Git Essentials

Written by: Tom Spencer

Jun 30, 202210 min read
Git Essentials

Git is a version of version control or Version Control System (VCS). Version control is a system that records changes to a file or set of files over time so that users of the files can recall specific versions later. Version Control Systems allow us to revert files to a previous state, revert the whole project to a previous state, compare changes over time, and see who last modified files to cause problems. Using a VCS means that we can easily recover from most problems introduced to our code base.

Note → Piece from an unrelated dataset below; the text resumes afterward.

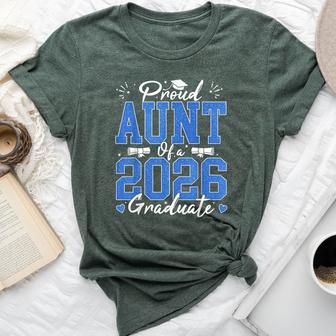 Proud Aunt Of A 2026 Graduate Senior Auntie Graduation 2026 Bella Canvas T-shirt | Mazezy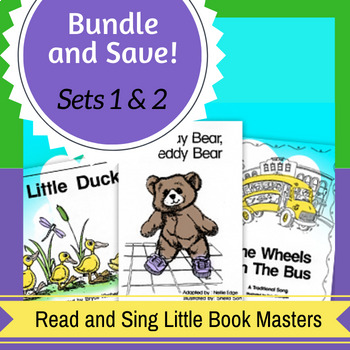 Preview of BUNDLE: 22 Nellie Edge "Read and Sing Little Books"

Version Control Systems also allow us to collaborate as developers on other computers with a shared project. Centralised Version Control Systems in the past allowed centralised control over who can do what. The downside with a CVCS does mean that there is a single point of failure on a single server. If the server goes down noone can add changes to the cnetralised database. Also if the hard disk of the central database becomes corrupted all work can be lost.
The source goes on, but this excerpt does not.